# [ASSIGNMENT]
For the data below, restate word for word only the lines from the line containing "Close-up of intricate" through the line containing "a man with a", both ends included.

# [DATASET EXCERPTS]
+++
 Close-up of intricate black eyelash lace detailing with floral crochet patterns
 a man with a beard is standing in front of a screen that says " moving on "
+++
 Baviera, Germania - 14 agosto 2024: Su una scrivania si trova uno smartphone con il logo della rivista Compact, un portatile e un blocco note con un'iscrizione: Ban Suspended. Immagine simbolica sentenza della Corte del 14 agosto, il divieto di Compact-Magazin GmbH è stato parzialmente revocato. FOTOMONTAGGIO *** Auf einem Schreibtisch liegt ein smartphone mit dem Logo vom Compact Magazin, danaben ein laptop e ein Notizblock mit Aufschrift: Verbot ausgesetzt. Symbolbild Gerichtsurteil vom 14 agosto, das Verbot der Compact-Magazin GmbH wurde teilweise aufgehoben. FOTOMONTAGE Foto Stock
+++
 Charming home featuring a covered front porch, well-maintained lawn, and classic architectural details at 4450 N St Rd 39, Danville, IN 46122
+++
# [ANSWER AREA]
 Close-up of intricate black eyelash lace detailing with floral crochet patterns
 a man with a beard is standing in front of a screen that says " moving on "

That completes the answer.